**WORK REQUIRED:** Go to the line holding "un petit objet" in the data below and repeat it exactly, then each line after it up to and including the one holding "Mignonne petite fille". Omit pictures.

**EXERCISE INPUTS:**
━━━━━━━━━━━━━━━━━━━━━━━━━━━━━━
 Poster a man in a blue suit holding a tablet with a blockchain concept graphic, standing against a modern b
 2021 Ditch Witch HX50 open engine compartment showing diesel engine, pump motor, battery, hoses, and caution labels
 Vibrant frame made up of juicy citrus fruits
━━━━━━━━━━━━━━━━━━━━━━━━━━━━━━
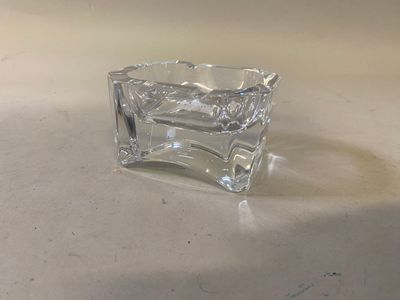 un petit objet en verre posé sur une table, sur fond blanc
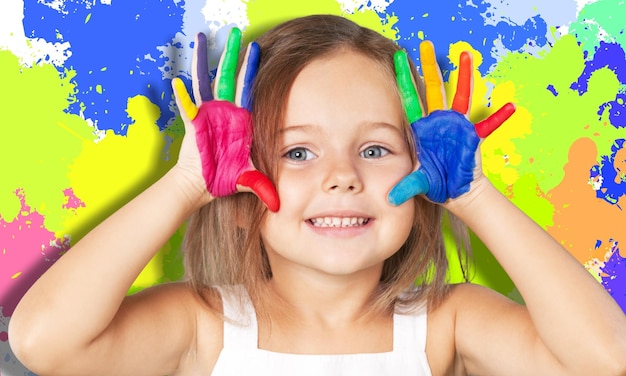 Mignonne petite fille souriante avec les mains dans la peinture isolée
━━━━━━━━━━━━━━━━━━━━━━━━━━━━━━
**YOUR SOLUTION:**
 un petit objet en verre posé sur une table, sur fond blanc
 Mignonne petite fille souriante avec les mains dans la peinture isolée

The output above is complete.